A week in the life of CSC’s UK Medical Director…and a consultant anaesthetist

Monday: It’s 6:30 am as I get into my car to drive from Doncaster to Solihull where I have an excellent full English breakfast before meetings with my Clinical team and update calls all morning. A further afternoon of meetings is scheduled with the weekly NHS Executive Board and, later on, the Governance Board.

Tuesday: Today I’m attending a meeting at Westmorland General Hospital, a University of Morecambe Bay NHS Trust hospital. It’s approaching 5:00 pm as I pull into the car park at Kendal for a meeting about the clinicians’ perspective of Lorenzo. This amicable meeting, between like-minded doctors from University Hospitals of Morecambe Bay NHS Trust, NHS Connecting for Health and CSC, is essential to demonstrating to clients our commitment and understanding of working on the NHS frontline. It also provides me with intelligence to share with the CSC Executive Board, which may otherwise be extremely difficult to obtain. On the way out, it’s great to see CSC’s Healthcare Self-Service Kiosks in outpatients.

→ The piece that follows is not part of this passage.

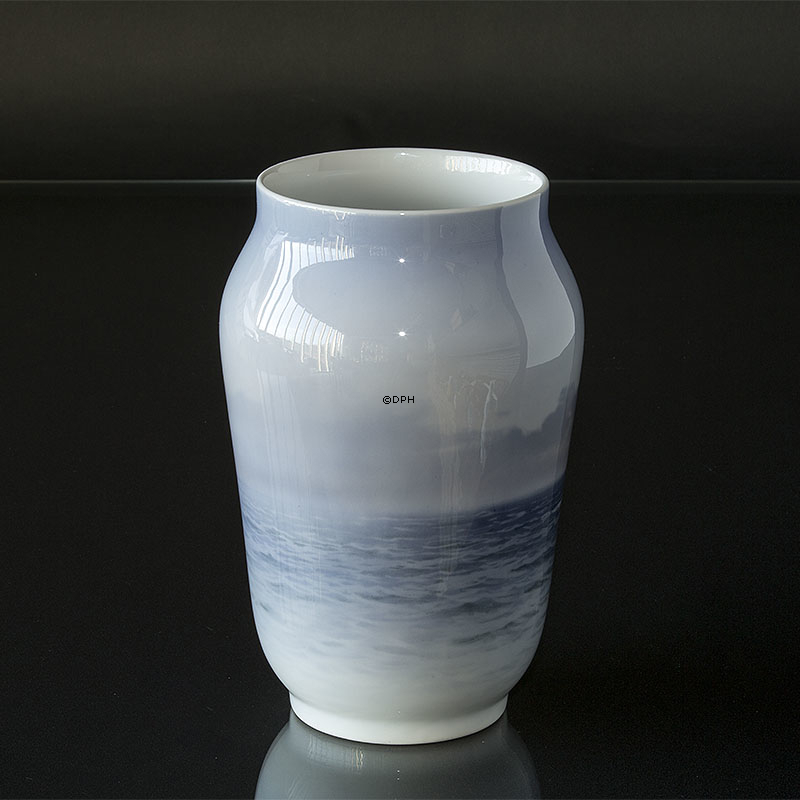 Vase mit Segelschiff, Royal Copenhagen Nr. 2773-1217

Wednesday: I’m working from home today. My day begins with an 8:30 am Executive Update call. Each executive shares their important and/or urgent business. This keeps us joined-up as a team and allows us to find areas for collaboration. Afterwards, much of my morning is spent researching topics and building networks for new business opportunities. ‘Bundling’ solutions together looks promising. A ‘bundle’ is a blend of several CSC products and services that, when combined, result in more customer value than when implemented individually. At 12:30 pm I catch the train to London to meet senior doctors at the Royal College of Physicians. I compose a new blog post for C3, en-route. Professional groups are crucial for shaping how IT use will develop in the NHS. The Royal College of Physicians and the Academy of the Medical Royal Colleges are leading organisations in this area. I’ll also attend the Council meeting of UKCHIP, a registration body for health informatics professionals.

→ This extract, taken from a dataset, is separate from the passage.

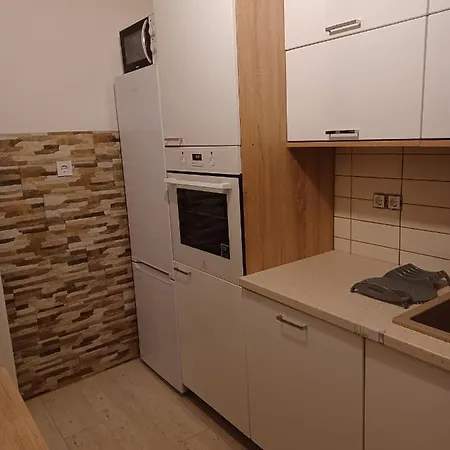 Nati Es Bea Vendeghaz Apartament *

Thursday: Today I swap my business suit for theatre greens. I leave the house at 7:00 am and drive to the hospital ‘Park and Ride’ facility at Doncaster Racecourse, but choose to walk the mile and a half to Doncaster Royal Infirmary. My day at the hospital starts with seeing my patients on the wards prior to surgery. By 8:30 am I’m in theatre. Today’s theatre list includes some minor orthopaedic surgery, and four big cases: hip replacements on two elderly gentlemen, a baby with a congenital dislocation of the hip and a teenager for a repair of the cruciate knee ligaments – there’s different anaesthetic risks with each. I also provide other colleagues with advice on difficult cases. At 5:30 pm I check each patient again in recovery, sort out their post-op pain relief, intravenous fluids, etc, and then walk back to my car. I use this time for reflection and to check CSC emails on my BlackBerry®.

Friday: Today I’m at Doncaster Royal Infirmary Women’s Hospital where I assist with two caesarean sections under combined spinal/epidural anaesthesia. Mum is awake for skin-to-skin contact with her baby. Newborns still amaze me! At 11:30 am we fit in two urgent cases; a miscarriage and an ectopic pregnancy. The labour ward is busy, but it’s very satisfying to provide pain relief to women at the end of their tethers. Early afternoon I do some online continuing professional development questionnaires between cases until 4:00 pm when a 36-week pregnant patient arrives with severe pre-eclampsia. She’s on the verge of fitting so we rapidly administer intravenous magnesium and perform an emergency caesarean under general anaesthesia. This is high-risk so we monitor her carefully in the high-dependency unit. A midwife bleeps me to say the locum doctor won’t arrive for a couple of hours, and could I do an epidural in room four, please? “Oh, by the way, she weighs 140 kg and says she’s got ‘scoline apnoea’. Is that important?” [yes, very!]